Standard. Newscasters, judges, professors, and CEOs all use it. The glottal stop in button, mountain, certain is not a sign of fast or careless speech. It’s part of how General American treats those words at any speed. If anything, refusing to use it sounds non-native.
Older RP pronounced the full T in button (BUT-ən) with both T and schwa. Modern RP also glottalizes /t/ before a syllabic N in many speakers, so button often surfaces as buh’n in younger or less-formal British speech, though older or more conservative RP still preserves the released T and the rate of replacement remains higher in American than in British English. Estuary English and Cockney use the glottal stop more broadly (also between vowels and before a syllabic L). For the -tn environment specifically, the American-vs-British contrast has narrowed substantially.
The glottal stop substitution comes with a structural change. The schwa that would normally connect the T to the N drops out, and the N becomes syllabic. So button isn’t pronounced buh’-uh-n with the catch and a real schwa between it and the N. It’s pronounced buh’n: the T turns into the catch, the schwa drops out, and the N alone carries the second syllable. Two changes happen at the same time, not one after the other.
For words like tonight and attain specifically, nothing changes. Both have T at the start of a stressed syllable followed by a vowel, so the T stays full and aspirated. The structural glottal-stop substitution fires before a syllabic N (the schwa-N collapse).
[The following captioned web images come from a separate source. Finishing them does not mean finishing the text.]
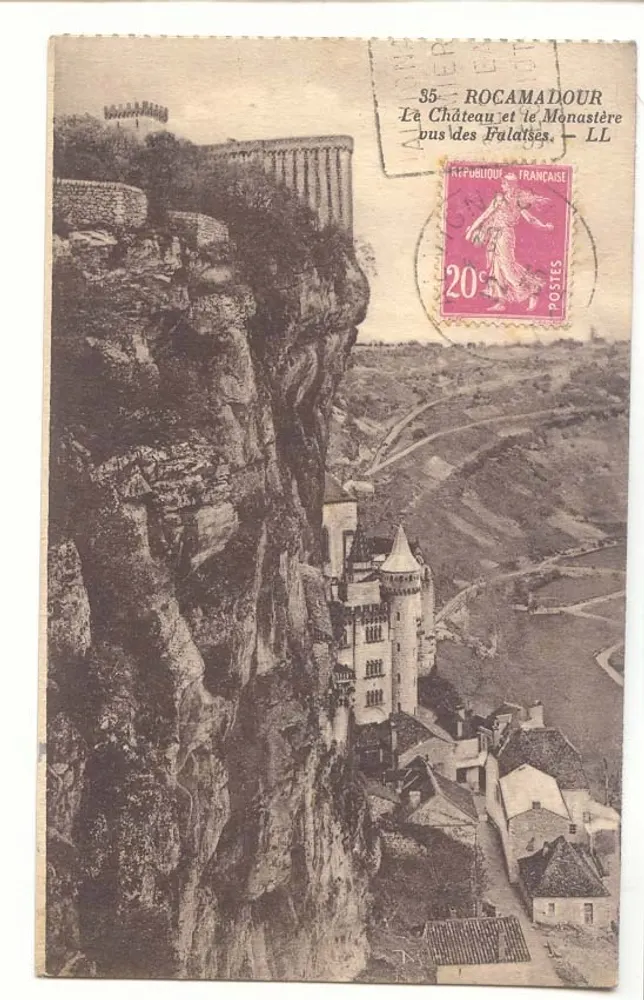Rocamadour — Schloss und Kloster der Klippen — Verlag LL - Vorderseite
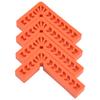 4Pcs L Type Plastic Squares Multi Purpose Strong Practicability Easy to Use Plastic Right Angle Positioner for Drawers4
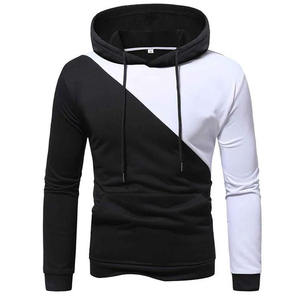 Sudadera con Capucha para Hombre, Diseño Color Block, Corte Ajustado, Tejida, Informal, para Otoño, con Bolsillos - Product Image 2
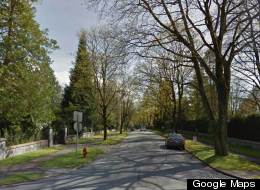 Two streets in Vancouver's Shaughnessy neighbourhood have the highest average home values in all of Canada. (Google Maps)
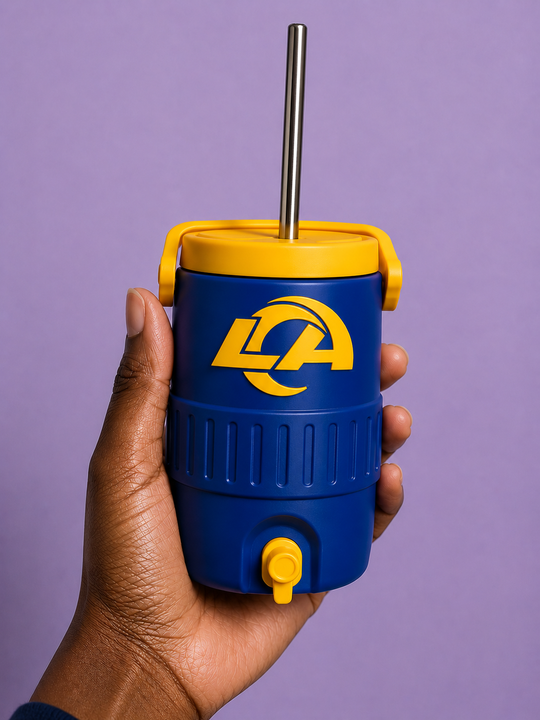 12oz Rams Can Holder - Rockin’ Vinyl Creations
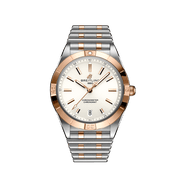  Shop Authentic Breitling Chronomat Automatic 36 White Dial Two Tone Steel Strap Watch for Women - U10380101A1U1 - Luxxuri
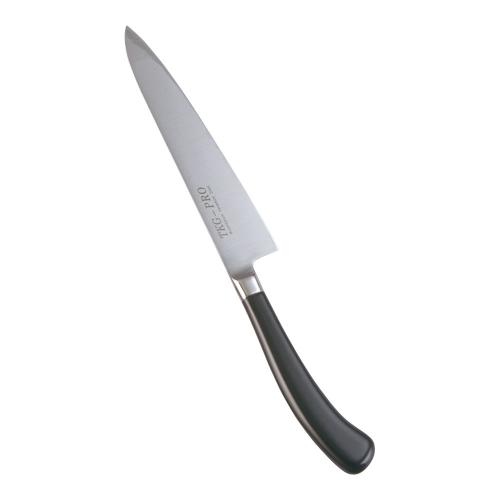 TKG PRO 抗菌カラーぺティーナイフ (両刃) 15cm ブラック/業務用/新品/小物送料対象商品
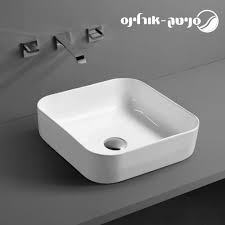 כיור מונח 38.5X38.5 ס"מ אורלינס לבן מבריק סניטק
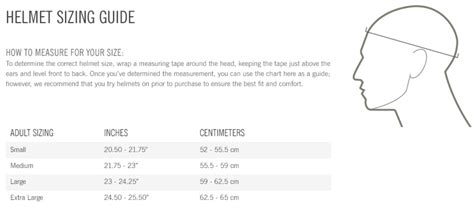 giro ski helmet sizing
The looser preconsonantal and utterance-final glottal stops covered in Section 2 are tendencies, not substitutions you have to deploy on purpose, and they don’t apply in tonight or attain either.
For learners with a glottal stop already in their first language (Arabic, German, Danish, Japanese exclamation closures), often a few days of focused practice. For learners building the catch from scratch, one to two weeks is typical. The sound itself is small; the work is in remembering which environments call for it.
For most learners, the glottal stop T is a smaller adjustment than the flap-T, and it pays back almost as much clarity. The two rules together (flap when an unstressed vowel follows, glottal stop when a syllabic N follows) handle the two biggest categories of mid-word T in American English. A week of the practice phrases above is usually enough for the substitution to start running on its own.